Work instructions:
Print the entries underneath word for word, omitting whatever pictures they contain.

§ §

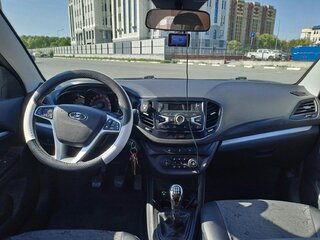 2021 Lada (ВАЗ) Vesta SW I, коричневый, 1200000 рублей, вид 5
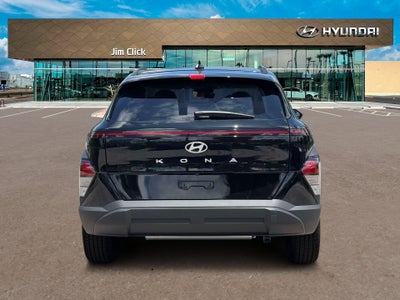 2027 Hyundai KONA SEL Sport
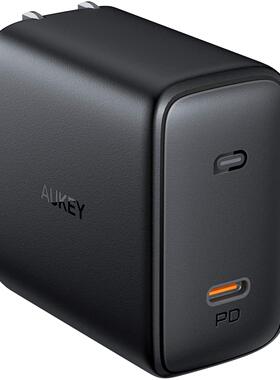 Aukey100W氮化镓充电器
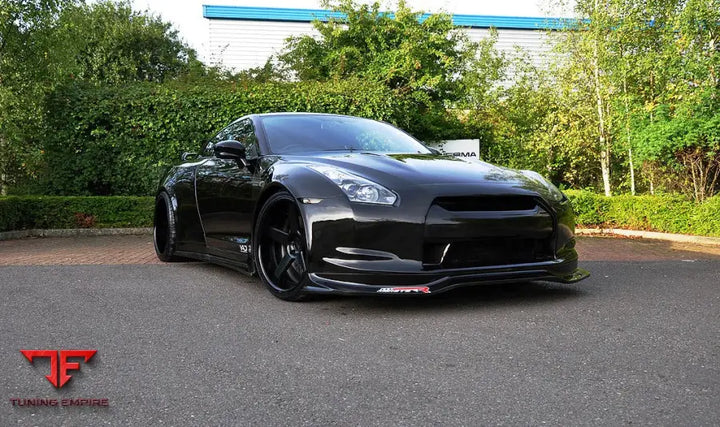 NISSAN GTR R35 WIDE BODY KIT GT1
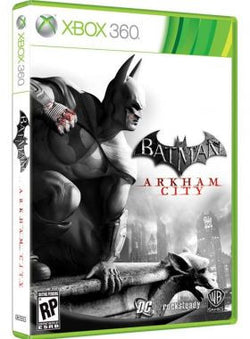 Batman: Arkham City (X360)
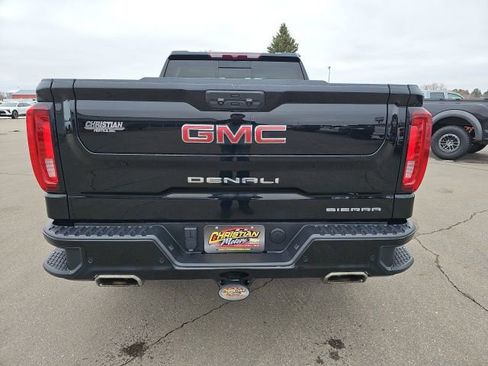 Used 2022 GMC Sierra 1500 Denali AWD/4WD image 4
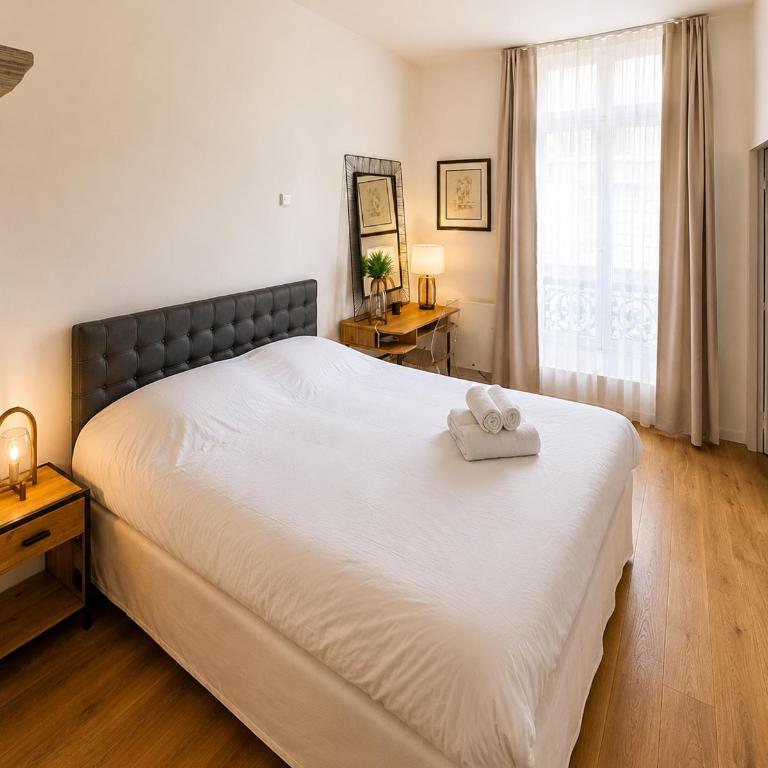 celine 36 au coeur du 16 iéme - Appartement 2 Chambres - 41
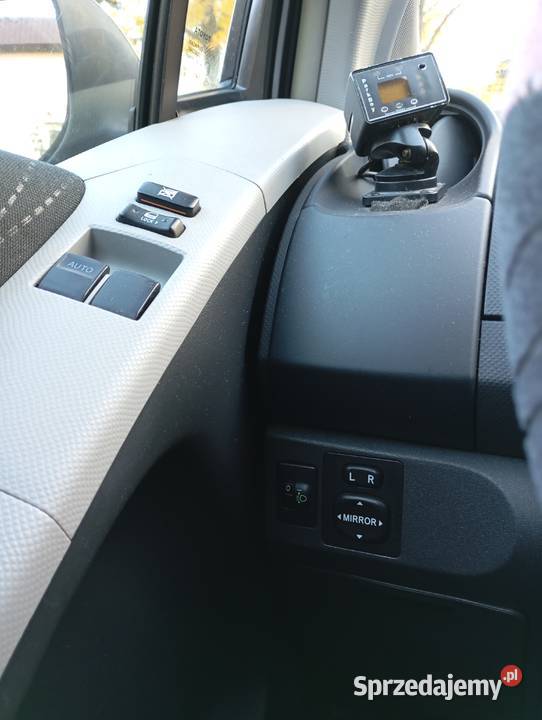 Toyota Yaris 13 benzyna 2006 r 198000km Lublin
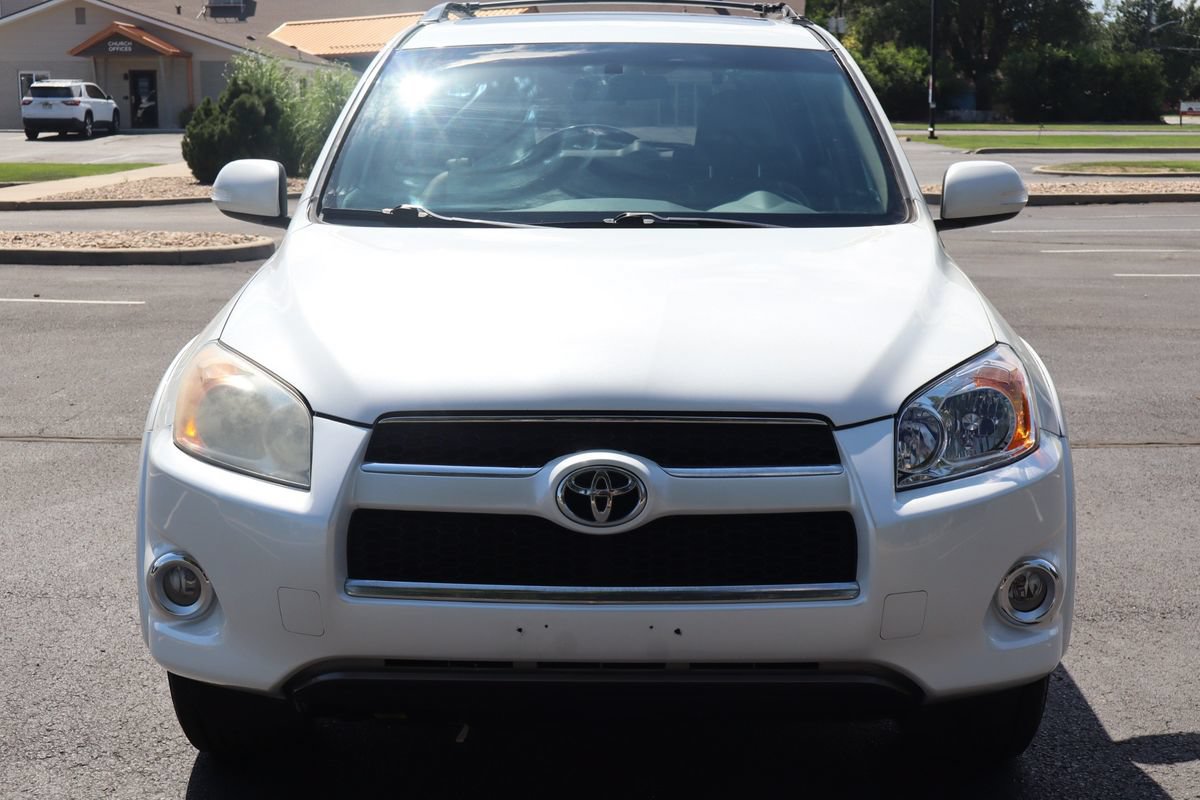 Used 2010 Toyota RAV4 Limited w/ Limited Extra Value Pkg AWD/4WD image 12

§ §

Written solution:
 2021 Lada (ВАЗ) Vesta SW I, коричневый, 1200000 рублей, вид 5
 2027 Hyundai KONA SEL Sport
 Aukey100W氮化镓充电器
 NISSAN GTR R35 WIDE BODY KIT GT1
 Batman: Arkham City (X360)
 Used 2022 GMC Sierra 1500 Denali AWD/4WD image 4
 celine 36 au coeur du 16 iéme - Appartement 2 Chambres - 41
 Toyota Yaris 13 benzyna 2006 r 198000km Lublin
 Used 2010 Toyota RAV4 Limited w/ Limited Extra Value Pkg AWD/4WD image 12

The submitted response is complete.